> **Work instructions**
Take the data below and write it out exactly, except for the pictures.

> **Recorded information**
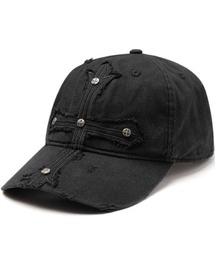 SUPPLIER | A'GEM/9 × .kom『SUPPLIER/サプライヤー』CROSS PATCH 6 PANEL CAP/クロスパッチ　6パネルキャップ(キャップ)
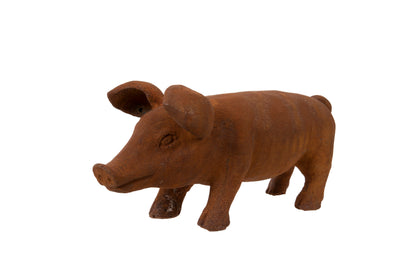 Decorative Pig Ornament – Hand Finished Indoor & Outdoor Sculpture | Sign of the times Stoke
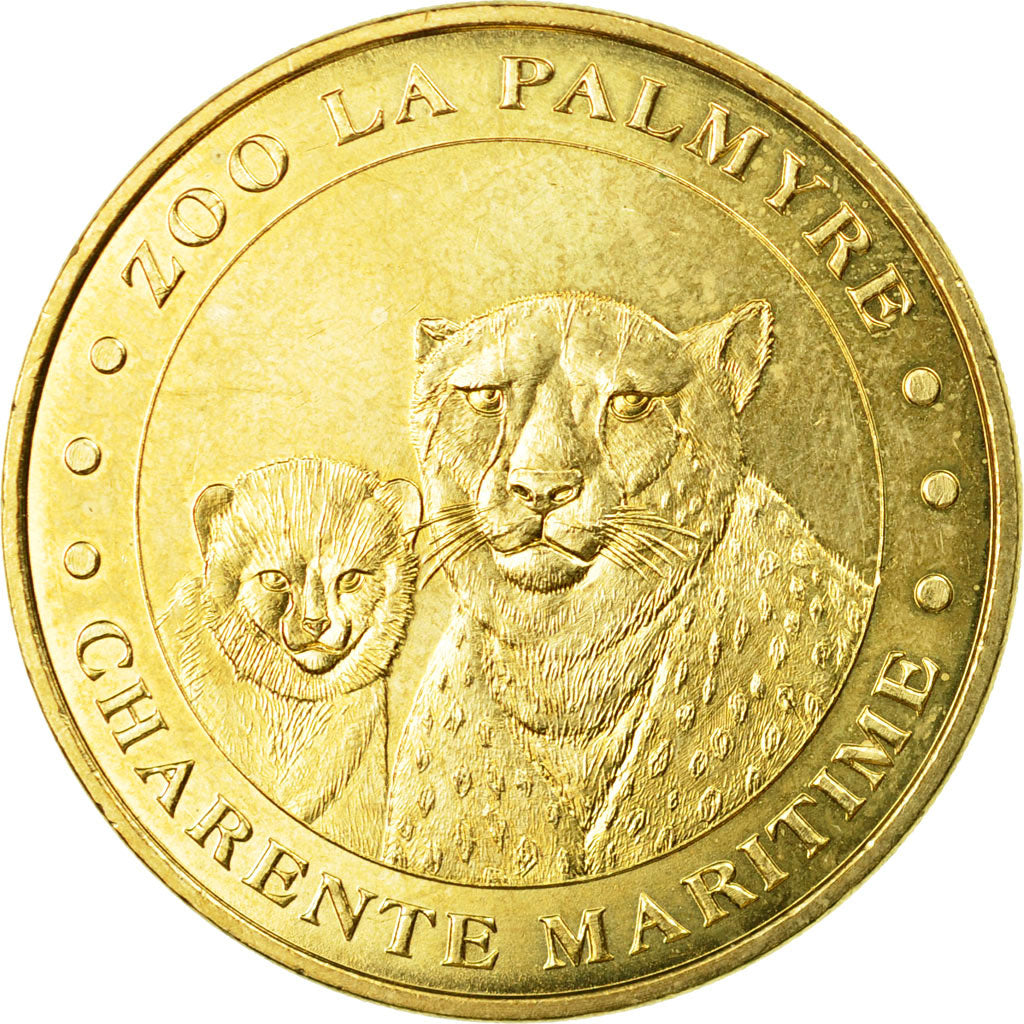 Francia, Token, Touristic token, Les Mathes - Zoo n° 4, 2010, MDP, BB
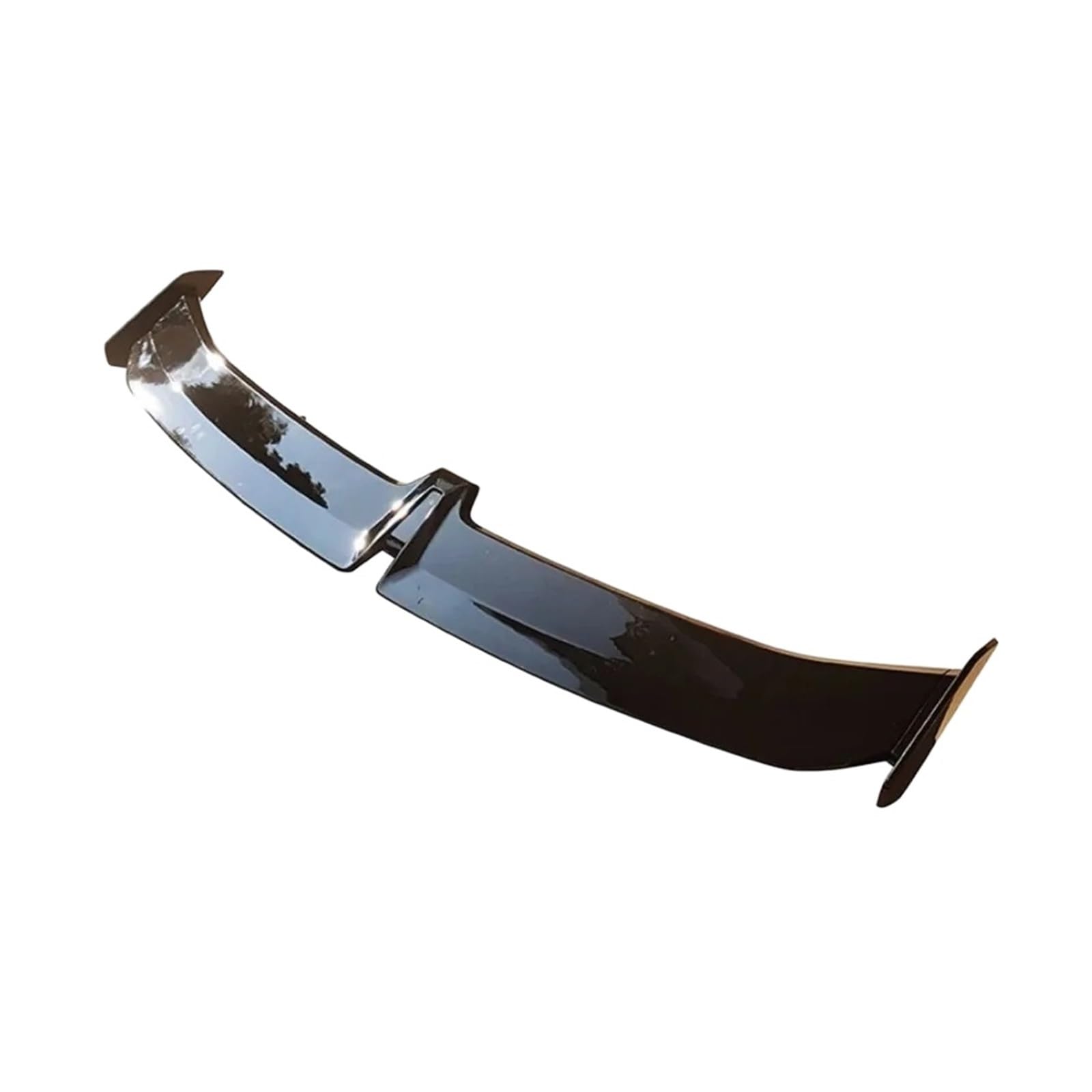 Kompatybilny z Sedanem Honda Hyundai VW Audi BMW benz Uniwersalny styl PRO Sedany Uniwersalny tylny spoiler bagażnika Skrzydło akcesoria do nadwozia samochodu(Glossy Black)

> **Result below**
 SUPPLIER | A'GEM/9 × .kom『SUPPLIER/サプライヤー』CROSS PATCH 6 PANEL CAP/クロスパッチ　6パネルキャップ(キャップ)
 Decorative Pig Ornament – Hand Finished Indoor & Outdoor Sculpture | Sign of the times Stoke
 Francia, Token, Touristic token, Les Mathes - Zoo n° 4, 2010, MDP, BB
 Kompatybilny z Sedanem Honda Hyundai VW Audi BMW benz Uniwersalny styl PRO Sedany Uniwersalny tylny spoiler bagażnika Skrzydło akcesoria do nadwozia samochodu(Glossy Black)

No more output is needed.